As play resumed, the students began a syncopated chant that infected others in the stadium and the umpire intervened. He bellowed into the microphone for quiet. Caleb Shaboya stood on his seat, turned to face his students, and waved for them to desist. Only when his students settled down did he sit himself.
“Right at their groins,” Lydia had whispered to Gabby while they were waiting to resume. She was a master at changing strategies and prepared to switch from angled shots to a frontal assault. Melbourne’s slow reflexes made him an easy target. While falling away from the net to protect himself, he made one error after another. D’Estang, who knew exactly what Lydia intended, aimed a vengeful overhead directly at Gabby. The ball brushed past her right breast and grazed her shoulder. Burning pain flashed through her chest, and, for an instant, caused her to curl into herself. Fans gasped in unison. Gabby stumbled and felt her right leg twist. The rebellious gastroc erupted in pain. She immediately righted her imbalance.
“Are you all right?” Lydia asked anxiously. Gabby could tell she was furious.
“Yeah, I’ll be all right. It probably looked worse than it is. The ball only nicked me. Sorry I was so slow.”
“When I catch him in the groin, Fara will wish he hadn’t aimed at your chest. They’ll have to haul him off the court on a stretcher.”
“Don’t do that, Lyddy,” Gabby countered, her voice commanding. “He’s only frustrated. I would be, too. Whatever is going on here, this isn’t the tennis I’m proud of. This is a charade.”
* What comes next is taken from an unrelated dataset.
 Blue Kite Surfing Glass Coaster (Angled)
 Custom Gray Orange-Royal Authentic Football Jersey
“Get real, Gabby. We’re not competing before the Heavenly Gates. Contrary to legendary locker room pep talks, you don’t score points for sportsmanship. The only score anyone gives a shit about in this game is whether you win or lose. We either prevail or get our asses busted. Y
ou understand me? And your Bart Skulkin will be forgotten like thousands of other unfortunate victims massacred in our happy urban jungle.”
When her rooters perceived that Gabby wanted to resume play, they eased back into their seats, registering their disfavor by booing the men. D’Estang responded with French expletives.
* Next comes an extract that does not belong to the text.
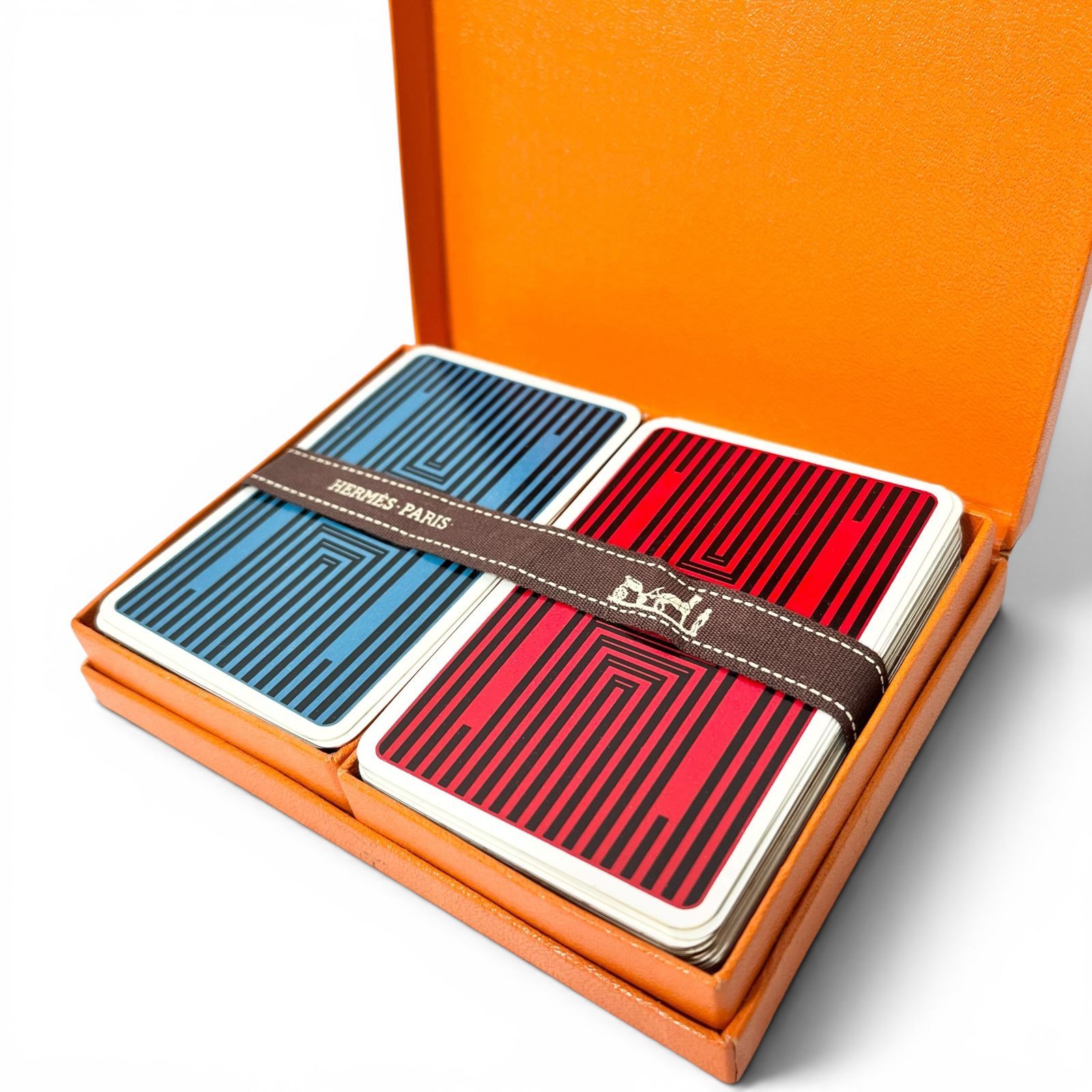 HERMES エルメス トランプ レッド ブルー 2組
“Would you like to rest for a few minutes?” the umpire inquired of Gabby.
She stretched her leg, lifting it high toward her hip and clasping it with her free hand. “No, sir. I’m okay now.” She then gave nod to Fara d’Estang. “Let’s move on.”
From that incident, everything went downhill for the men. The crowd did not stop jeering and the men didn’t stop making errors. With everything she had, Lydia ripped a forehand volley at d’Estang, who he adroitly batted it away. But its intent was not lost on the spectators, who stood to express their delight and encourage her to try again. She didn’t. The match ended in victory for the women. Dick Melbourne made the best of the loss with a handshake. Fara d’Estang avoided the courtesy. He snatched up his equipment and threw a contemptuous scowl at the audience, still mouthing French expletives. In frustration, he drove an abandoned tennis ball clear across the court into the fans.
A commentator from Home Team Sports TV tried to speak with Gabby en route to the locker room, but did not pursue when she feigned pain in her chest. Her grastroc muscle hurt more, which she knew would give her considerable trouble in the final match. Where was Joel, she wondered? She hadn’t been able to find him in the stands. She wanted to ask him how he’d been able to produce a sea of T-shirts so quickly. It must have cost a fortune.
As they waited in the locker room, Gabby and Lydia received updates about the progress of the second semi-final match being played on the Tournament Court. Lydia was acquainted with the two professional contenders, but Gabby had never heard of them. Both were familiar with the celebrity contestants—Secretary of Health and Human Services Tito Espinoso and an Iranian-born international playboy from an immensely wealthy industrial family with holdings throughout Eastern Europe. Lydia decided to sneak a look at the match to probe their weaknesses.